** Opening PROVIDED RECORDS block **
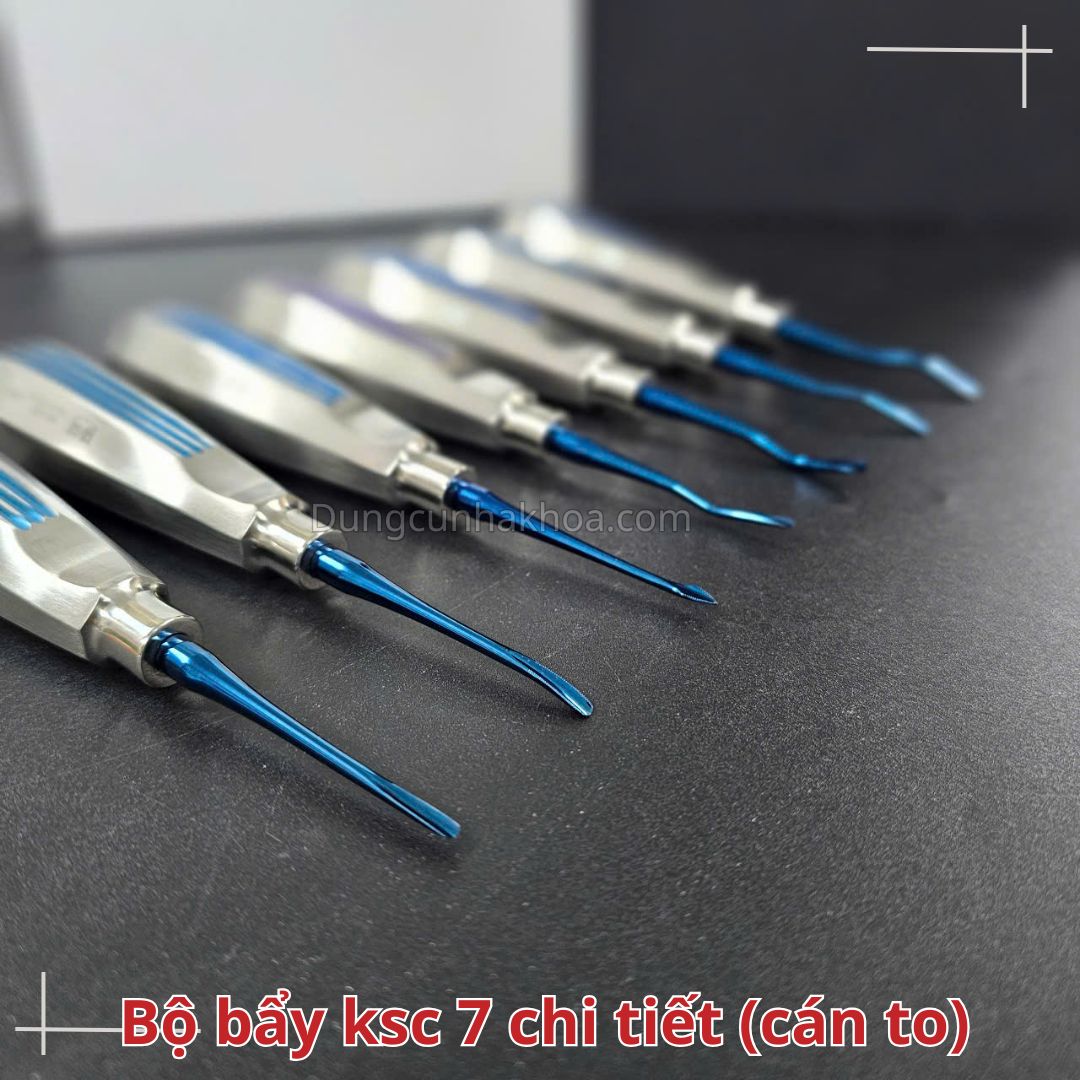Bộ bẩy nhổ răng không sang chấn cán to 7 chi tiết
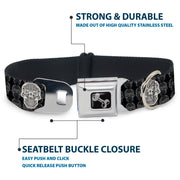 Dog Bone Seatbelt Buckle Collar - Skull Candy Black/Gray/White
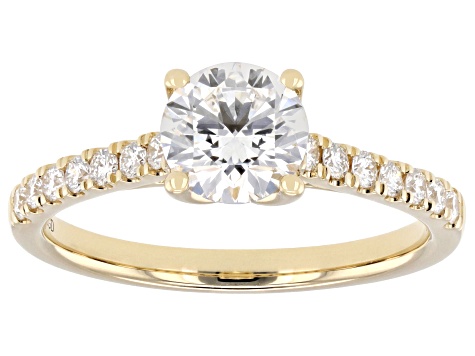 Certified White Lab-Grown Diamond G SI2 10K Yellow Gold Ring 1.25ctw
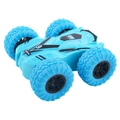 Cyan inertial 4WD stunt toy car model G9 with black racing decals on white background - Double-sided Inertial Stunt Car / Blue (Double-sided/Bulk)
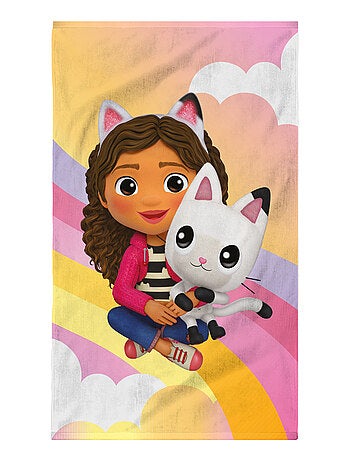 Serviette de bain et de plage imprimée 100% coton, GABBY ET LA MAISON MAGIQUE RAINBOW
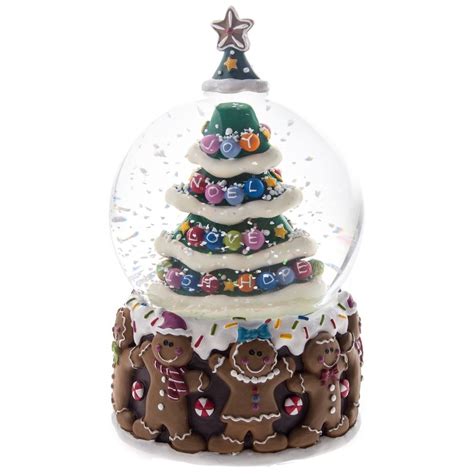 Gingerbread Man Christmas Tree Musical Snow Globe By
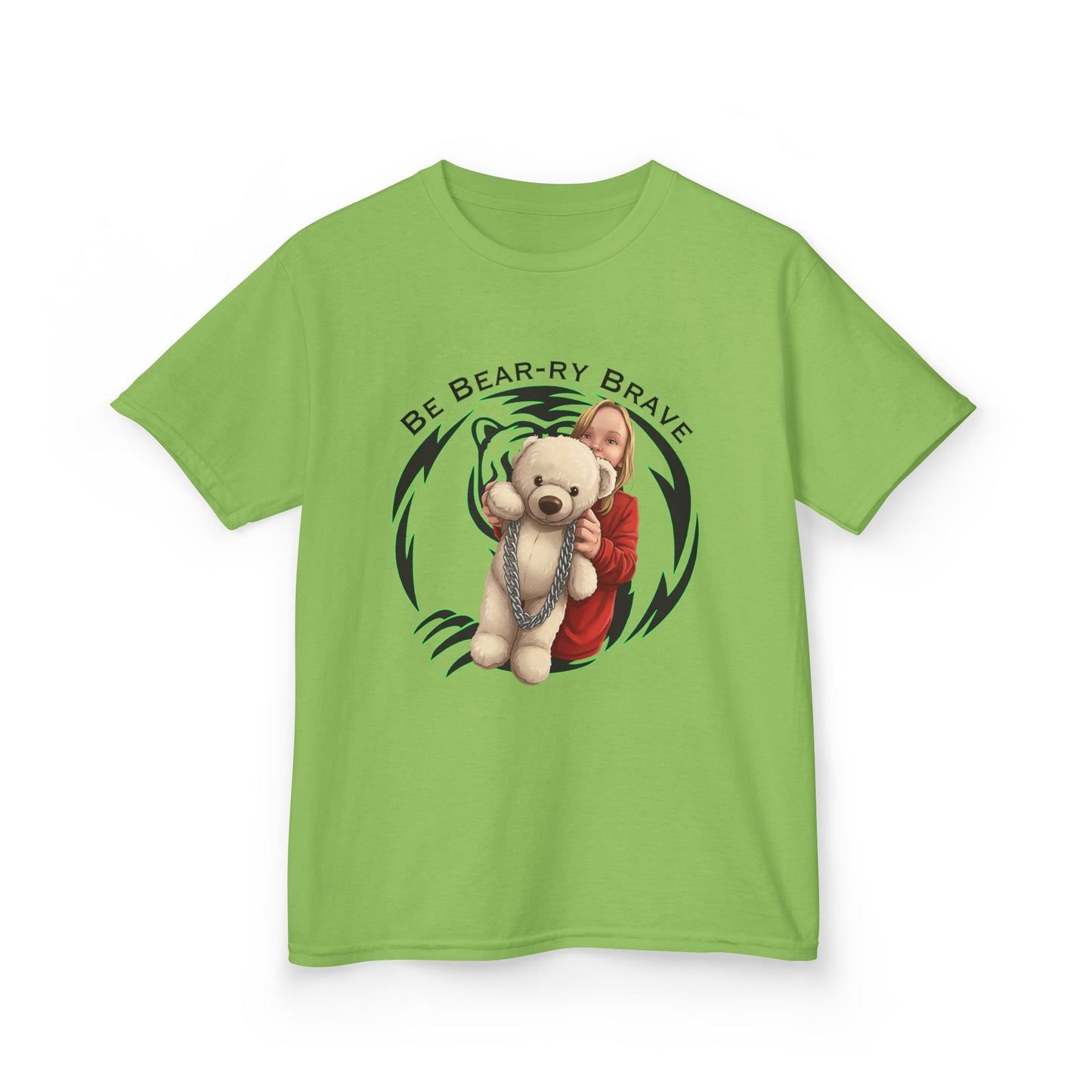Be Bear-ry Brave Kids T-Shirt — Custom Photo-to-Cartoon Brave Bear Tee
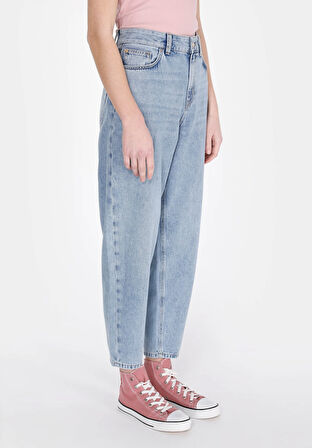 Barrel Fit   Kadın Mavi Jean Pantolon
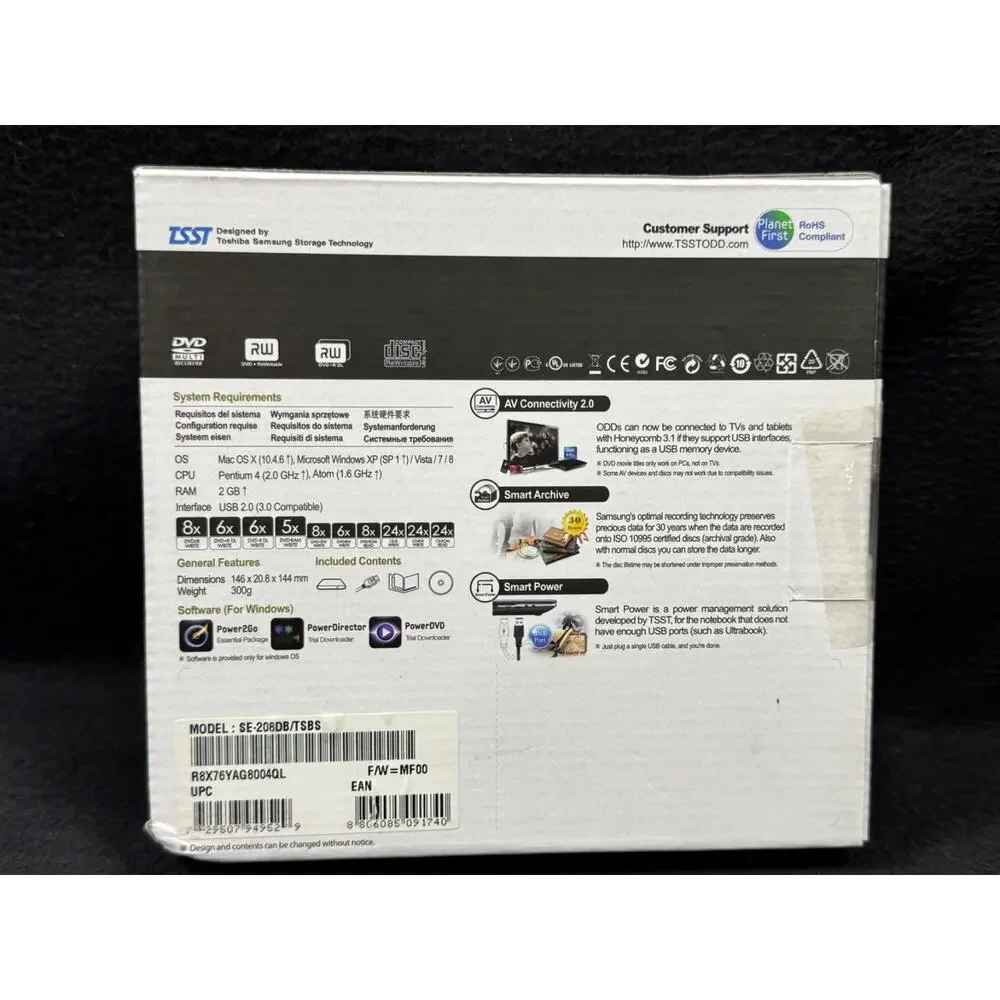 New Samsung USB Ultra Slim Portable External DVD Writer SE-208 - Sealed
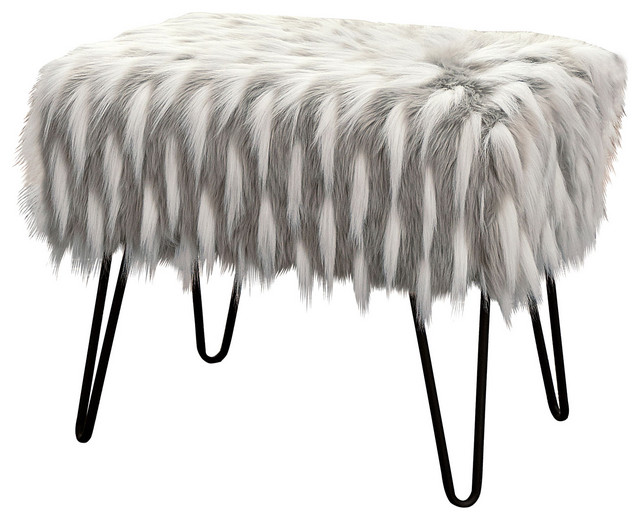 Feathery Faux Fur Ottoman Contemporary Footstools And Ottomans by BNF Home Houzz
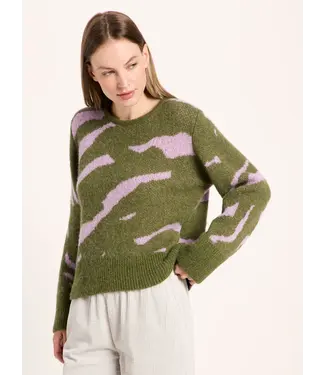 LANIUS •• Jacquard Sweater | Garden green Pale violet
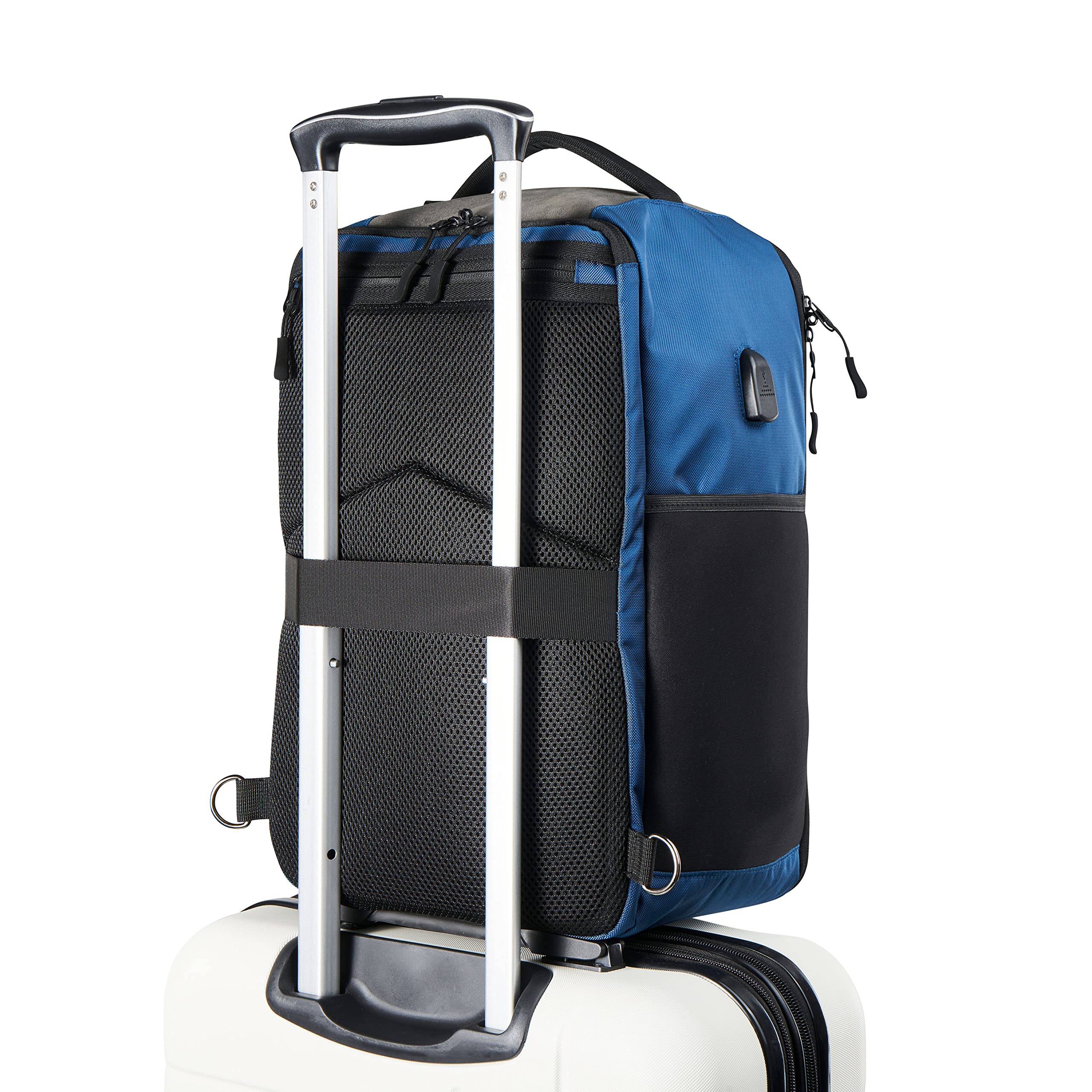 Manhattan XL 16x10x8 Inch Travel Backpack - USB Charging Port, Underseat Carry-On Luggage & Laptop Backpack for Men & Women (Blue) - Perfect for Air Travel, Business Trips & Daily Commute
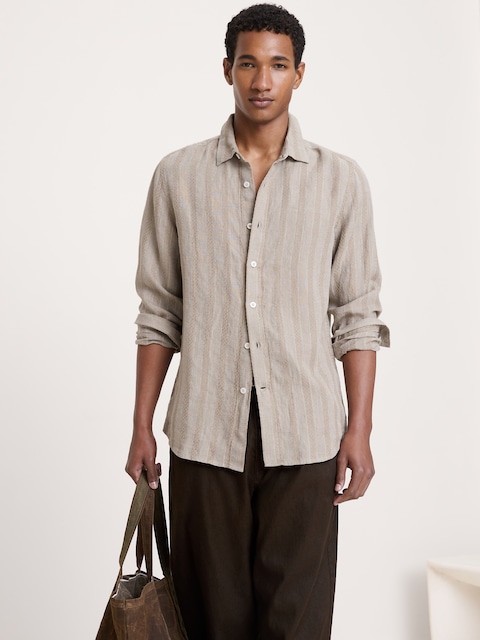 CHEMISE DE COUPE STANDARD EN MÉLANGE DE LIN ET COTON TEXTURÉ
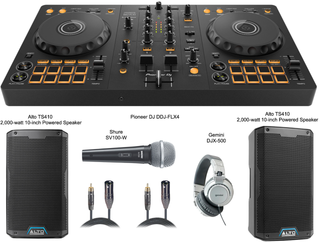 Pioneer DDJ-FLX4 DJ Controller, Rekordbox & Serato Compatibility + 2x Alto TS410 10" Speakers + Accessories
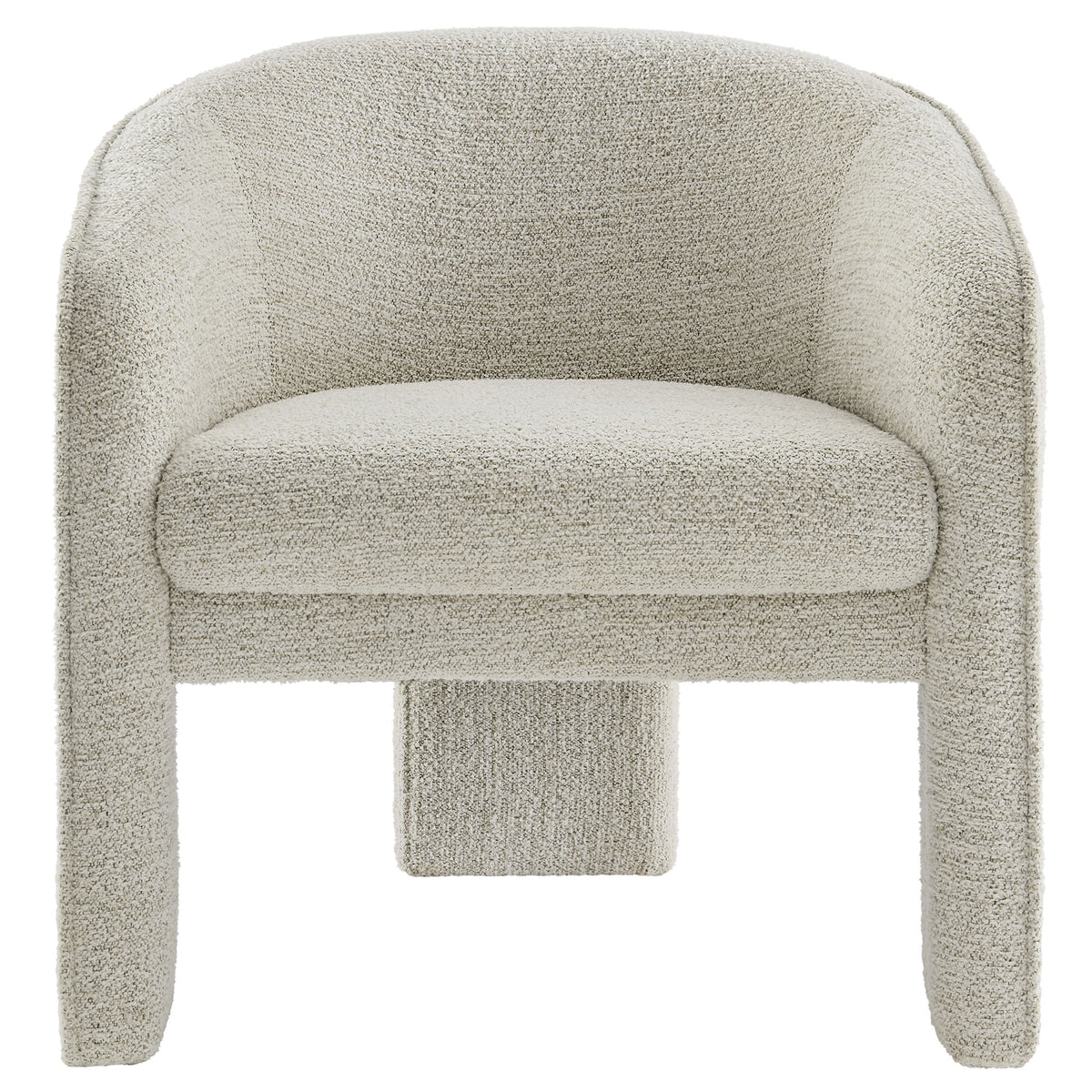 Greer Boucle Fabric Upholstered Accent Armchair, Parchment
** Closing PROVIDED RECORDS block **
• **ASSIGNMENT**
Repeat, exactly and only, the lines from the one containing "Certified White Lab-Grown" through the final line of the data, both ends included, leaving out any picture.

• **EXERCISE RESULT**
 Certified White Lab-Grown Diamond G SI2 10K Yellow Gold Ring 1.25ctw
 Cyan inertial 4WD stunt toy car model G9 with black racing decals on white background - Double-sided Inertial Stunt Car / Blue (Double-sided/Bulk)
 Serviette de bain et de plage imprimée 100% coton, GABBY ET LA MAISON MAGIQUE RAINBOW
 Gingerbread Man Christmas Tree Musical Snow Globe By
Be Bear-ry Brave Kids T-Shirt — Custom Photo-to-Cartoon Brave Bear Tee
 Barrel Fit   Kadın Mavi Jean Pantolon
 New Samsung USB Ultra Slim Portable External DVD Writer SE-208 - Sealed
 Feathery Faux Fur Ottoman Contemporary Footstools And Ottomans by BNF Home Houzz
 LANIUS •• Jacquard Sweater | Garden green Pale violet
 Manhattan XL 16x10x8 Inch Travel Backpack - USB Charging Port, Underseat Carry-On Luggage & Laptop Backpack for Men & Women (Blue) - Perfect for Air Travel, Business Trips & Daily Commute
 CHEMISE DE COUPE STANDARD EN MÉLANGE DE LIN ET COTON TEXTURÉ
 Pioneer DDJ-FLX4 DJ Controller, Rekordbox & Serato Compatibility + 2x Alto TS410 10" Speakers + Accessories
 Greer Boucle Fabric Upholstered Accent Armchair, Parchment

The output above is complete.